Il divario si è allargato sempre di più, toccando l’apice nel periodo compreso tra il 2012 e il 2014, quando il Dragone ha calamitato il 9.1% dei flussi di IDE globali – piazzandosi, tra l’altro, al secondo posto dietro gli Stati Uniti -, contro il misero 2.1% indiano (13esimo posto). Fa inoltre impressione pensare che alla fine degli anni ’70 i due Paesi asiatici facevano registrare più o meno lo stesso Pil. E che nel 2019 quello cinese era tre volte più grande di quello indiano, a parità di potere d’acquisto, e addirittura 5-6 volte usando il criterio dei prezzi di mercato.

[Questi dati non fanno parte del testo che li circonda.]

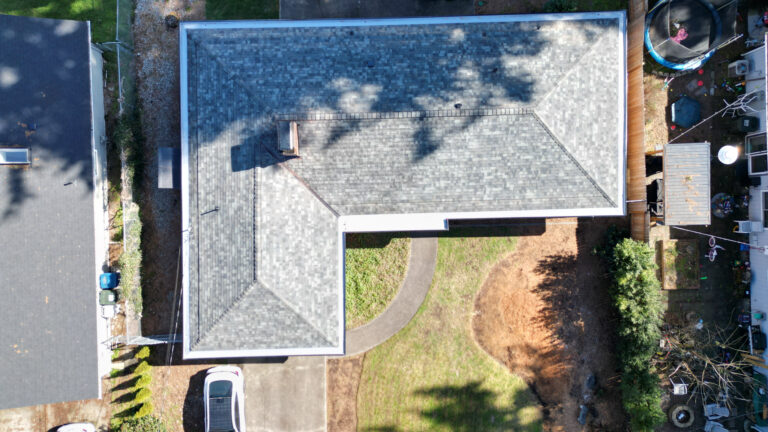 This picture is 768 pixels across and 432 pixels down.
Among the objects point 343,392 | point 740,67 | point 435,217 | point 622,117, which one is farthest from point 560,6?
point 343,392

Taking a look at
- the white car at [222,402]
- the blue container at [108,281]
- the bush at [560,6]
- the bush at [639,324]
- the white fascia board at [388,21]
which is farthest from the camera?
the white car at [222,402]

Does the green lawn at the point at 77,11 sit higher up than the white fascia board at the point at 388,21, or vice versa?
the green lawn at the point at 77,11

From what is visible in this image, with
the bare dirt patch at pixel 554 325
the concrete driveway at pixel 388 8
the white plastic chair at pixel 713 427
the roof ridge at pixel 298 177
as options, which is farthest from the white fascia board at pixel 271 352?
the white plastic chair at pixel 713 427

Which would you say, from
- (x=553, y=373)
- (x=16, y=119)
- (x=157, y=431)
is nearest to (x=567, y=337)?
(x=553, y=373)

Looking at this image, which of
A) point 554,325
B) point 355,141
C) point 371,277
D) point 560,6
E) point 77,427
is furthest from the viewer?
point 554,325

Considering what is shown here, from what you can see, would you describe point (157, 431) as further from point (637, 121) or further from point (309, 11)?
point (637, 121)

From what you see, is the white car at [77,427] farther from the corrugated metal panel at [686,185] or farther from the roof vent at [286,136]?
the corrugated metal panel at [686,185]

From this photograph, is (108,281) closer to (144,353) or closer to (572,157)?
(144,353) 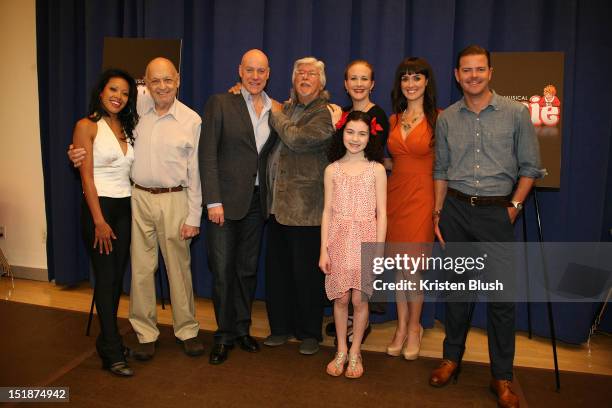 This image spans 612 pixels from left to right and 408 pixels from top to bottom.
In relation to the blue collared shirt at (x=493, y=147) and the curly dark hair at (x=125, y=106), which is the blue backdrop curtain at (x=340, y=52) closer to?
the blue collared shirt at (x=493, y=147)

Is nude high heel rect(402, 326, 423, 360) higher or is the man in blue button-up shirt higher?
the man in blue button-up shirt

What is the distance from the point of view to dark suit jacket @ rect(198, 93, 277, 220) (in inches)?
106

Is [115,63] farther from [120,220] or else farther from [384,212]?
[384,212]

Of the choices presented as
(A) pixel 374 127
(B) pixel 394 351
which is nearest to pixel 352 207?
(A) pixel 374 127

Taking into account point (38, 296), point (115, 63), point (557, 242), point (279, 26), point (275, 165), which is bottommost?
point (38, 296)

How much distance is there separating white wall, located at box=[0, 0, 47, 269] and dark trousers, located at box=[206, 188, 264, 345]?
97.9 inches

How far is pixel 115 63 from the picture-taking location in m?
3.61

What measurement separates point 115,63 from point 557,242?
343 cm

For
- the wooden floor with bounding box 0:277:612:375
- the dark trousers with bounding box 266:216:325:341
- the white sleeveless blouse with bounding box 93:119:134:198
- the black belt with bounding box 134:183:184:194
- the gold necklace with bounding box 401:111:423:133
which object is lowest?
the wooden floor with bounding box 0:277:612:375

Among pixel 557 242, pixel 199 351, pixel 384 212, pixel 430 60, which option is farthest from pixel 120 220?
pixel 557 242

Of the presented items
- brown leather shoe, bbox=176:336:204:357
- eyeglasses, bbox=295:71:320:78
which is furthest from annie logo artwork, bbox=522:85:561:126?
brown leather shoe, bbox=176:336:204:357

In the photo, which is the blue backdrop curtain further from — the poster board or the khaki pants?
the khaki pants

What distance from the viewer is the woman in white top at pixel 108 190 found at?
100 inches

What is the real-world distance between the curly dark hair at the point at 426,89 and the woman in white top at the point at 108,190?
1500 millimetres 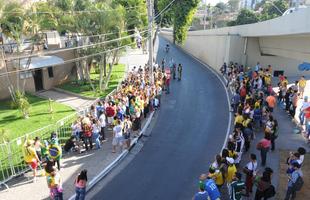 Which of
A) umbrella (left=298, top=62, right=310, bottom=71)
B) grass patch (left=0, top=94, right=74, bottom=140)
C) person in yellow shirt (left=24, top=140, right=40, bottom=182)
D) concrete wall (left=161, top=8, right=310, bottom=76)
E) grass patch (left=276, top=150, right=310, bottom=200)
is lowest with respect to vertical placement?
grass patch (left=0, top=94, right=74, bottom=140)

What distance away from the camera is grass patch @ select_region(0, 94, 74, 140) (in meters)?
18.9

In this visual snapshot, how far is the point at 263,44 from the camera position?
26625 millimetres

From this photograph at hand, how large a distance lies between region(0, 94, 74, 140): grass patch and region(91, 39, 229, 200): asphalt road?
7071 millimetres

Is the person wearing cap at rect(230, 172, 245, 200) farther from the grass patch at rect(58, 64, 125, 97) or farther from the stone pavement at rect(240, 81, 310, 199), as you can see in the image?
the grass patch at rect(58, 64, 125, 97)

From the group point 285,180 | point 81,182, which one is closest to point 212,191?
point 81,182

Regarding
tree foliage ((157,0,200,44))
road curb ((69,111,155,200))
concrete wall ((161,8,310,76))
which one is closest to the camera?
road curb ((69,111,155,200))

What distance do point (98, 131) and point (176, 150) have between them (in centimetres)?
347

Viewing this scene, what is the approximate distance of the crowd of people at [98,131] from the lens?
9.76 m

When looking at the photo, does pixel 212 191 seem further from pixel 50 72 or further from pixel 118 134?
pixel 50 72

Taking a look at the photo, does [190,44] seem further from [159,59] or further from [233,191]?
[233,191]

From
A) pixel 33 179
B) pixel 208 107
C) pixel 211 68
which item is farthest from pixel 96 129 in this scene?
pixel 211 68

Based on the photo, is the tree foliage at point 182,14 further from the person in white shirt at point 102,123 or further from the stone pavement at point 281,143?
the person in white shirt at point 102,123

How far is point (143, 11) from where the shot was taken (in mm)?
36906

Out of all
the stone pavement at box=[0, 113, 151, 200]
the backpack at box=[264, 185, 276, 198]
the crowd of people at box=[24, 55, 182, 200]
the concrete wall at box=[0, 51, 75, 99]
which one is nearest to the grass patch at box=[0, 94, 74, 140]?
the concrete wall at box=[0, 51, 75, 99] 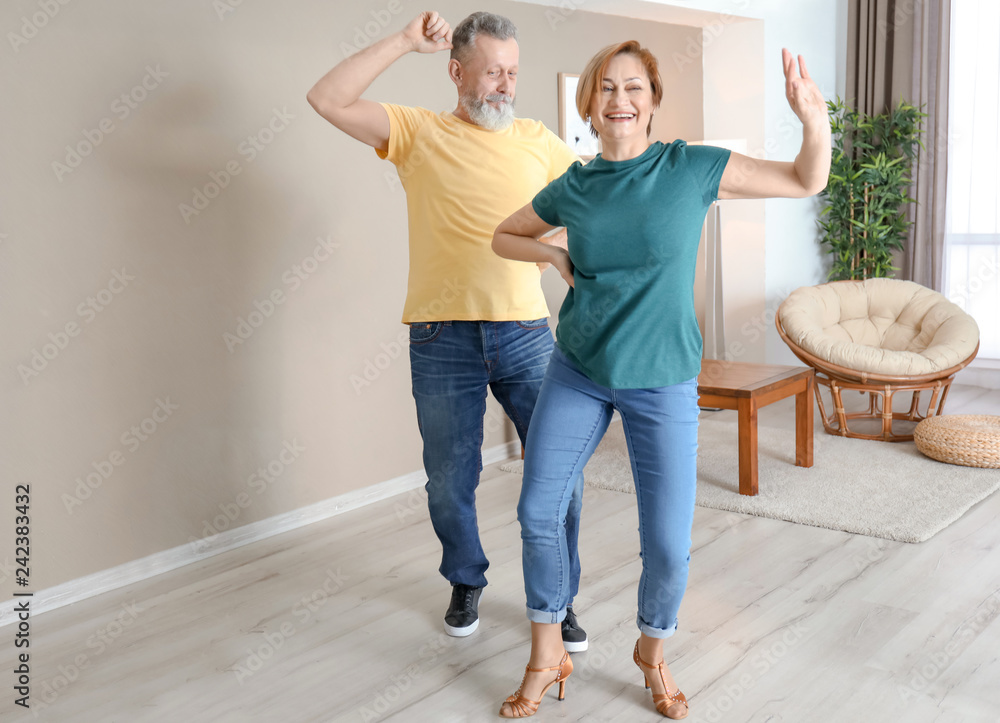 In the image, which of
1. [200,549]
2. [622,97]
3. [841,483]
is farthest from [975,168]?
[200,549]

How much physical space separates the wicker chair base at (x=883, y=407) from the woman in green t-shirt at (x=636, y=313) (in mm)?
2570

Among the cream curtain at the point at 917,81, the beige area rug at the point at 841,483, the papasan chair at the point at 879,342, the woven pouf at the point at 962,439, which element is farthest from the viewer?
the cream curtain at the point at 917,81

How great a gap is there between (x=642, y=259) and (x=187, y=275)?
1.77m

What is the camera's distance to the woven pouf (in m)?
3.57

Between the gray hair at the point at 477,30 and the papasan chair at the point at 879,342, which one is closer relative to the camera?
the gray hair at the point at 477,30

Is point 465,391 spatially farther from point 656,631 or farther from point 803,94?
point 803,94

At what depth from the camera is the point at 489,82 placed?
2111mm

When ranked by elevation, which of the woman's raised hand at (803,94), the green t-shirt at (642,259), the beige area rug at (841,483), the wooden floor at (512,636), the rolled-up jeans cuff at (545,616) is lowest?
the beige area rug at (841,483)

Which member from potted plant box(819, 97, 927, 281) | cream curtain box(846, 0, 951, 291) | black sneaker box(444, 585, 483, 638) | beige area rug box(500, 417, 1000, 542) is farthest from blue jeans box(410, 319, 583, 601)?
cream curtain box(846, 0, 951, 291)

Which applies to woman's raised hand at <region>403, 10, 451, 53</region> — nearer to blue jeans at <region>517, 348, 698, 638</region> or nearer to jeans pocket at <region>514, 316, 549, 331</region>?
jeans pocket at <region>514, 316, 549, 331</region>

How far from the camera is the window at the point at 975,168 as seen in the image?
5.09 meters

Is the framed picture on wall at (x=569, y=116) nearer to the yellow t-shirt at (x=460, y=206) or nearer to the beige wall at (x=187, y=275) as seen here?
the beige wall at (x=187, y=275)

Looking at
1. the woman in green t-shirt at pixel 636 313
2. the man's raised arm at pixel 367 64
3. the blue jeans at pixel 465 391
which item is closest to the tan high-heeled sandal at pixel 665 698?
the woman in green t-shirt at pixel 636 313

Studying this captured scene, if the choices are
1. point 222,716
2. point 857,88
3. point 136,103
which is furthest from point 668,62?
point 222,716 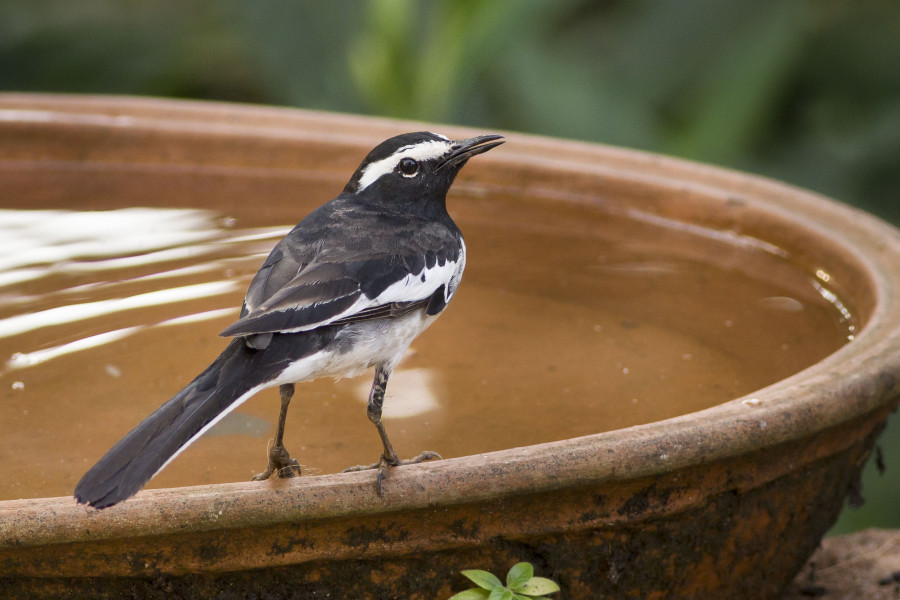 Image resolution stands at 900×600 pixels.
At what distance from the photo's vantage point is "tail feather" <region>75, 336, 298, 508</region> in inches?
65.1

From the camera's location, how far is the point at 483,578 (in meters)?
1.93

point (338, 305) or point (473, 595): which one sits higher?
point (338, 305)

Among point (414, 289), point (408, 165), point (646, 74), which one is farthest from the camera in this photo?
point (646, 74)

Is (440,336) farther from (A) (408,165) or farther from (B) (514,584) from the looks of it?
(B) (514,584)

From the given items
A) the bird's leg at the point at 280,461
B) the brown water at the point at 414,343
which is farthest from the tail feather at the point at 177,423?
the brown water at the point at 414,343

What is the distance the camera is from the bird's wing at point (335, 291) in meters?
1.95

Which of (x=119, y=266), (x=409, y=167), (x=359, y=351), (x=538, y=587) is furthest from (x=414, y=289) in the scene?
(x=119, y=266)

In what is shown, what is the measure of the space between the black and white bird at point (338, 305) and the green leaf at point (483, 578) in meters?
0.25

Sul lato tecnologico, analizzando le spese in ricerca e sviluppo, nel 2018 la Cina ha speso 485.5 miliardi di dollari a fronte degli appena 86.2 miliardi indiani, ovvero il 2.2% e lo 0.8% del prodotto interno lordo; nel 2020 siamo arrivati al 2.4% e allo 0.9%. L’ultimo autogol di Nuova Delhi, se così vogliamo definirlo, coincide con la decisione del premier Narendra Modi di avviare una sorta di campagna per l’autosufficienza nazionale. Dal maggio 2020 in poi, sulla scia di un crescente nazionalismo, l’India ha così provato a smarcarsi dalla sua dipendenza economica nei confronti della Cina. Risultato? Pessimo. Le imprese indiane non sono riuscite a fare a meno dei prodotti cinesi, vista la carenza di valide alternative locali, sia per quanto concerne qualità che prezzi.

Prospettive future

Si può dunque capire perché l’India tema, sostanzialmente, la proiezione geoeconomica del Dragone a mezzo “Nuova via della seta”: il timore di Nuova Delhi è che una Cina in costante proiezione euro-asiatica marginalizzi il gigante del Subcontinente escludendolo dalle direttrici della crescita e dello sviluppo di medio o lungo periodo. In questo contesto, l’India prova a mostrarsi combattiva e a controbilanciare Pechino immaginando accordi infrastrutturali con Giappone, Usa, Ue, a costruire strade alternative: ma l’unica via per la ripresa del Paese passa per la rottura delle contraddizioni interne. Armonizzando i diversi fusi orari storici del Paese in maniera più orientata al progresso futuro.